The reply must repeat the listing below exactly and carry none of its pictures.

■ GIVEN DATA ■

↓

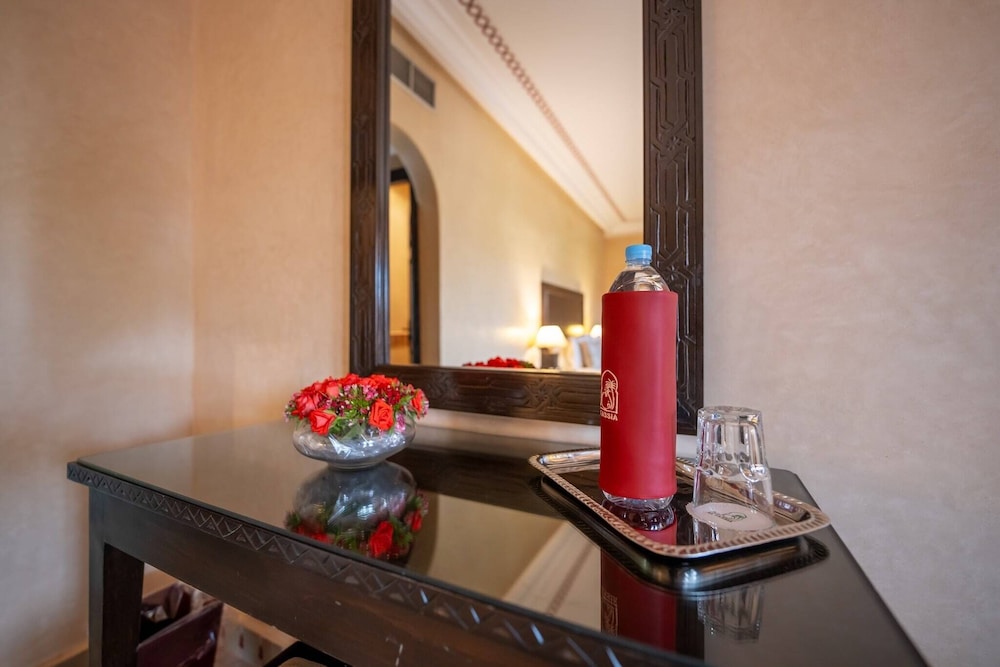 Al Fassia Aguedal 10/74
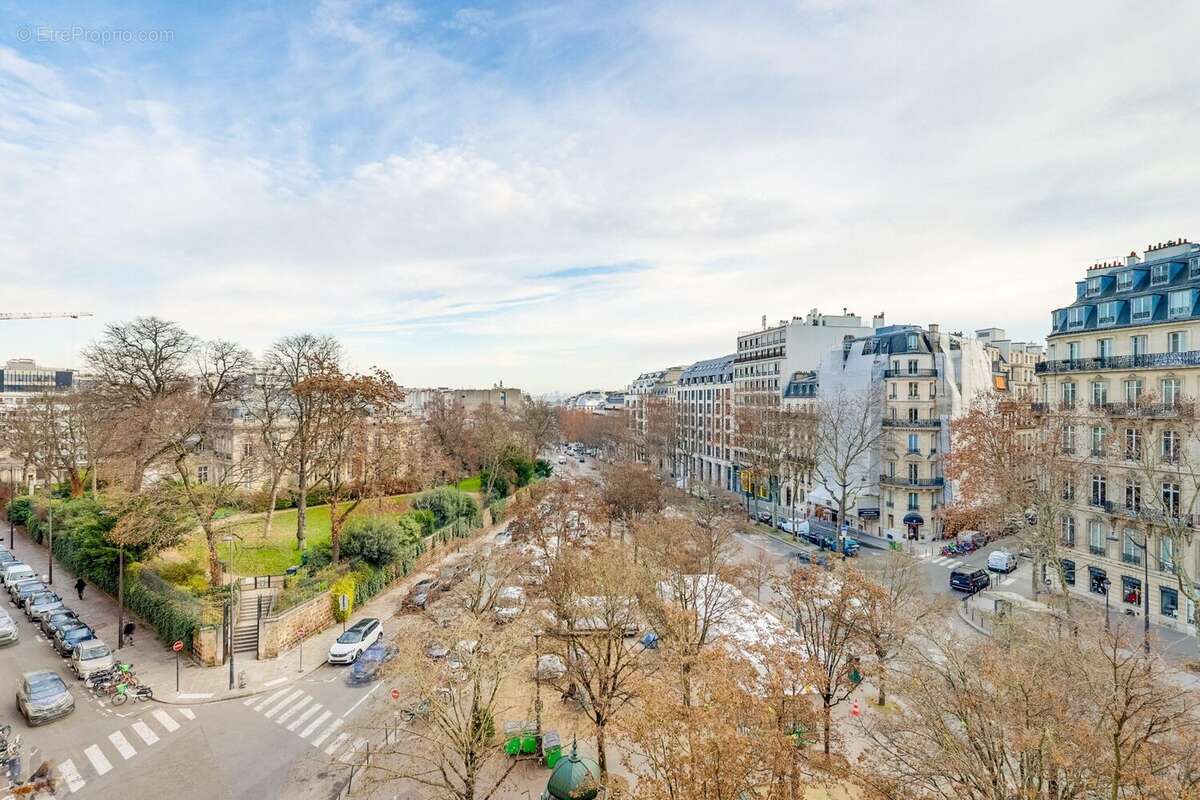 Appartement à PARIS-8E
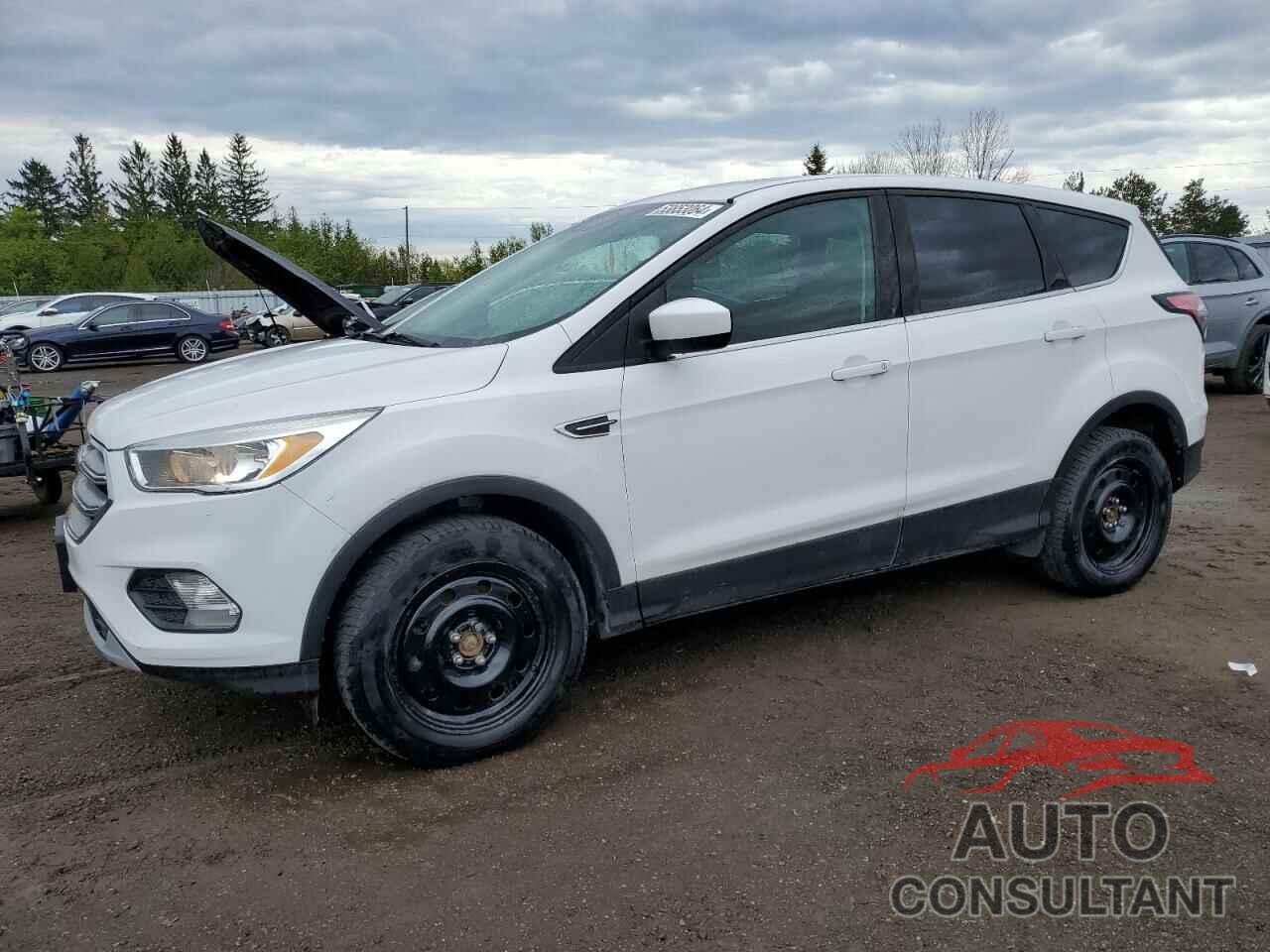 FORD ESCAPE 2017 - 1FMCU9G99HUD70258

↑

■ SOLUTION TO THE PROBLEM ■
 Al Fassia Aguedal 10/74
 Appartement à PARIS-8E
 FORD ESCAPE 2017 - 1FMCU9G99HUD70258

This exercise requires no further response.